## ASSIGNMENT
The material below is to be copied exactly from the line with "Now, how to" up to and including the line with "So what you", with nothing else kept and no pictures.

## PROVIDED MATERIAL
= = = = =

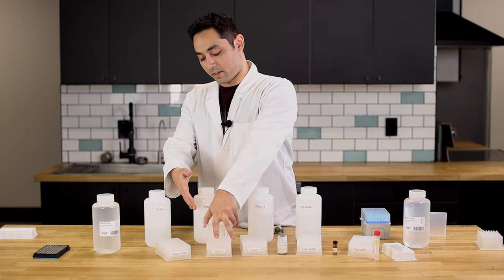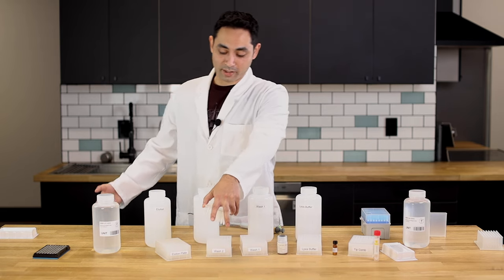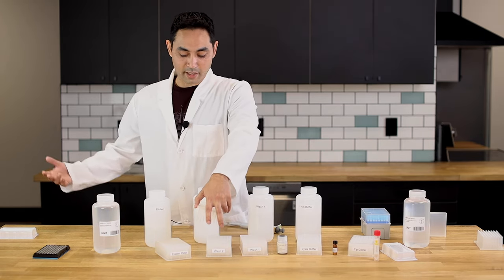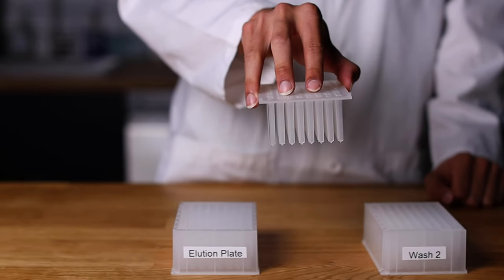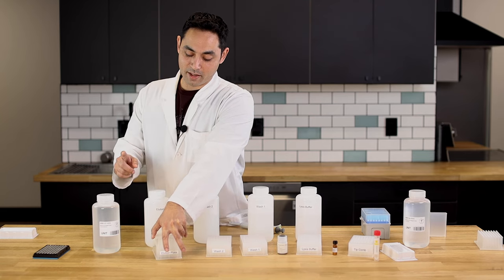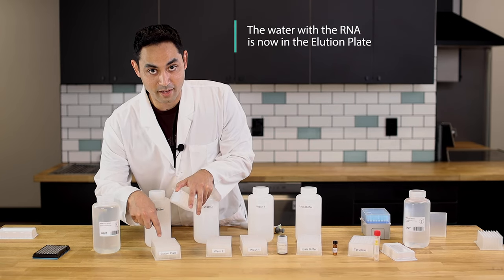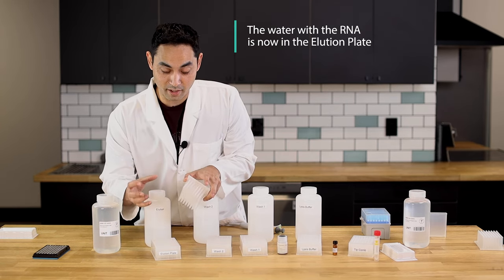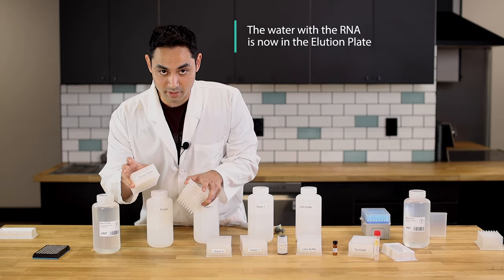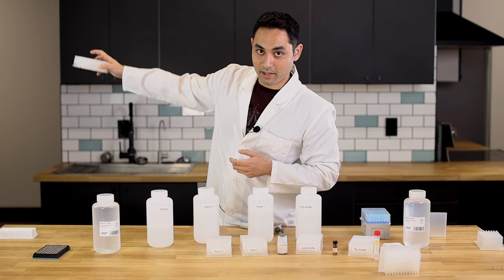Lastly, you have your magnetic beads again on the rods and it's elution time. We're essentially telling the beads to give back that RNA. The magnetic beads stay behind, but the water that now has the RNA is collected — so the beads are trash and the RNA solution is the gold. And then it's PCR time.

= = = = =

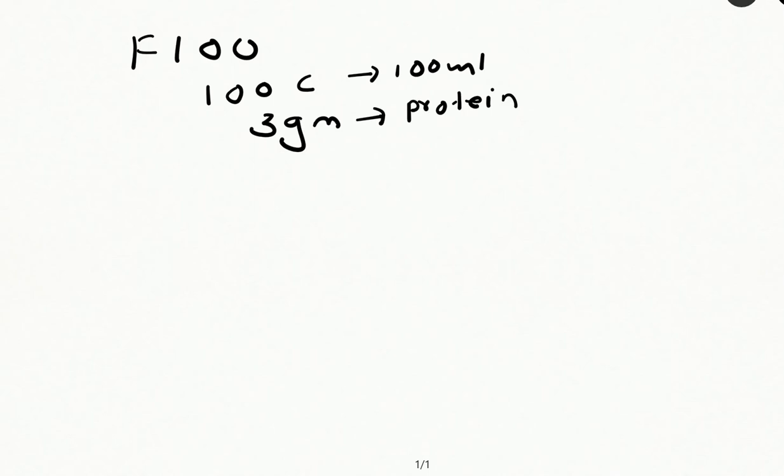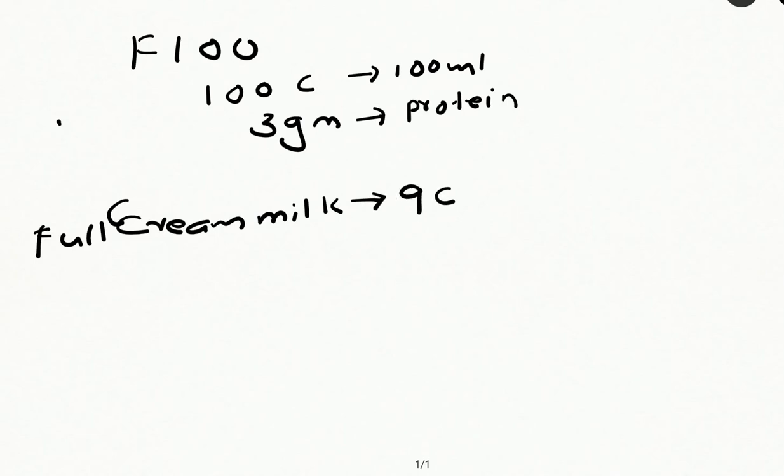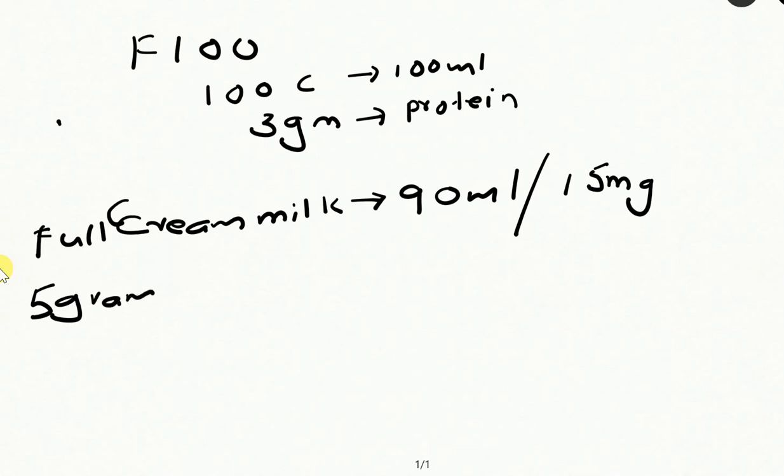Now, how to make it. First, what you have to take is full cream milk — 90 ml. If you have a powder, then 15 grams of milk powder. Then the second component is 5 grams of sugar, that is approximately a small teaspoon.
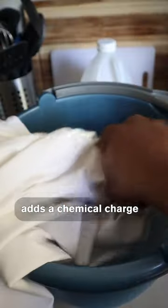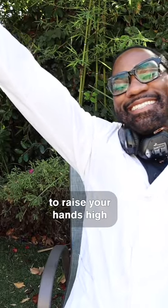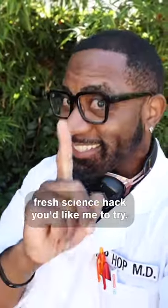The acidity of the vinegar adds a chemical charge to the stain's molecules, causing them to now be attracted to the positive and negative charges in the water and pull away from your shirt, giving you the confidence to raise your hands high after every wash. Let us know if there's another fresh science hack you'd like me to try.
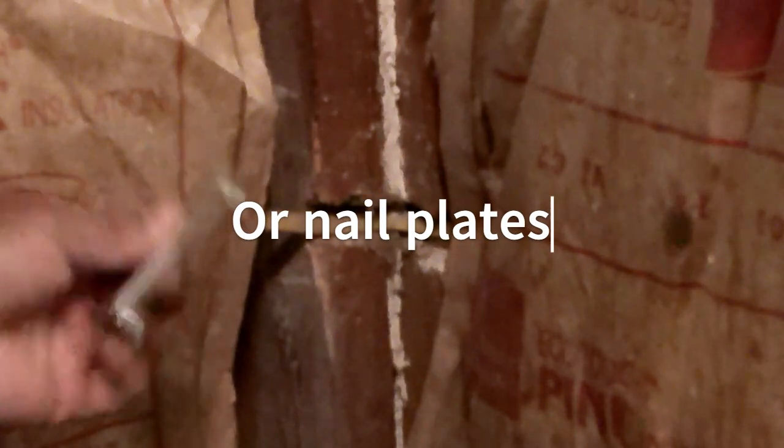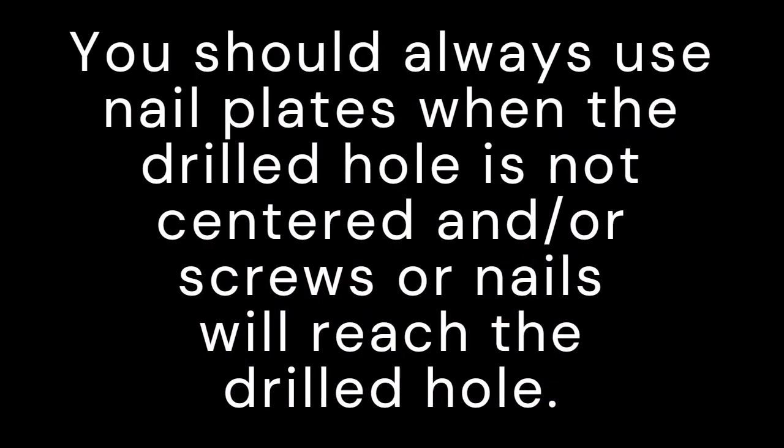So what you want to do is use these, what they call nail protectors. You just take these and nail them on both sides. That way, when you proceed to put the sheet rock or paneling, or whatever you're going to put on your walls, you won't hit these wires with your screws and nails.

= = = = =

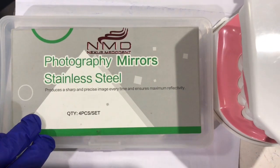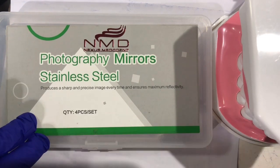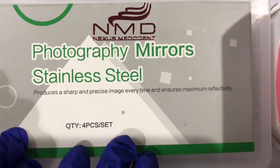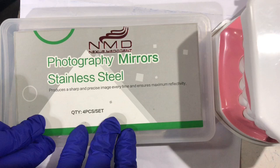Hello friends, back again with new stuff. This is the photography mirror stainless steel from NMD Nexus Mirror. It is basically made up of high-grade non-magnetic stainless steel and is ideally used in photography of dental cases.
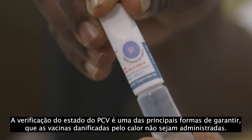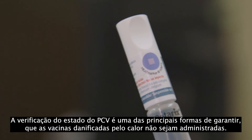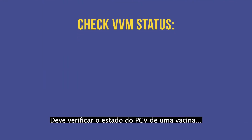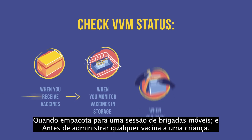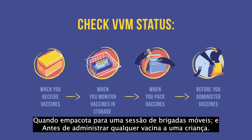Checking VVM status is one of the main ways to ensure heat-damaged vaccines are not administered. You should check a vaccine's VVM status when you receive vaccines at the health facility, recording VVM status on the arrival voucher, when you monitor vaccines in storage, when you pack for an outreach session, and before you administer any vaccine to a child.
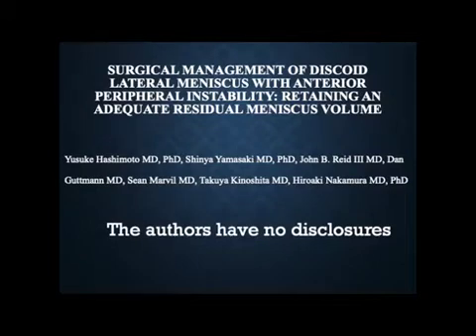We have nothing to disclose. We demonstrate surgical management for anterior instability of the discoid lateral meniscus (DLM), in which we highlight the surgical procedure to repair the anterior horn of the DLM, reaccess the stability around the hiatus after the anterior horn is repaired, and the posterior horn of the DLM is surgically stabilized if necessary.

= = = = =

## RESULT OF THE TASK
Now, how to make it. First, what you have to take is full cream milk — 90 ml. If you have a powder, then 15 grams of milk powder. Then the second component is 5 grams of sugar, that is approximately a small teaspoon.
The acidity of the vinegar adds a chemical charge to the stain's molecules, causing them to now be attracted to the positive and negative charges in the water and pull away from your shirt, giving you the confidence to raise your hands high after every wash. Let us know if there's another fresh science hack you'd like me to try.
So what you want to do is use these, what they call nail protectors. You just take these and nail them on both sides. That way, when you proceed to put the sheet rock or paneling, or whatever you're going to put on your walls, you won't hit these wires with your screws and nails.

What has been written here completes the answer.